__Exercise details__:
The records below are to be transcribed exactly as they appear.

__Data for this exercise__:

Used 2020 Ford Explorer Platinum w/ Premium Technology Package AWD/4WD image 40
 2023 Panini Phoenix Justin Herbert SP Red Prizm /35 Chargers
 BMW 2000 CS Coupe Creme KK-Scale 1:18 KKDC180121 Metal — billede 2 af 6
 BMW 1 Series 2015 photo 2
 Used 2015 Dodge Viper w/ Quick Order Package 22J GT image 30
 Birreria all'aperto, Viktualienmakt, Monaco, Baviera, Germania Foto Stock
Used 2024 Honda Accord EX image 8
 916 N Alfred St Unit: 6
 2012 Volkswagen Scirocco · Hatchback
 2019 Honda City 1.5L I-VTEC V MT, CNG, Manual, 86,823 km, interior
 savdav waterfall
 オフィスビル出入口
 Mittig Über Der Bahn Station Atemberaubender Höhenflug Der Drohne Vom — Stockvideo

__Your response__:
Used 2020 Ford Explorer Platinum w/ Premium Technology Package AWD/4WD image 40
 2023 Panini Phoenix Justin Herbert SP Red Prizm /35 Chargers
 BMW 2000 CS Coupe Creme KK-Scale 1:18 KKDC180121 Metal — billede 2 af 6
 BMW 1 Series 2015 photo 2
 Used 2015 Dodge Viper w/ Quick Order Package 22J GT image 30
 Birreria all'aperto, Viktualienmakt, Monaco, Baviera, Germania Foto Stock
Used 2024 Honda Accord EX image 8
 916 N Alfred St Unit: 6
 2012 Volkswagen Scirocco · Hatchback
 2019 Honda City 1.5L I-VTEC V MT, CNG, Manual, 86,823 km, interior
 savdav waterfall
 オフィスビル出入口
 Mittig Über Der Bahn Station Atemberaubender Höhenflug Der Drohne Vom — Stockvideo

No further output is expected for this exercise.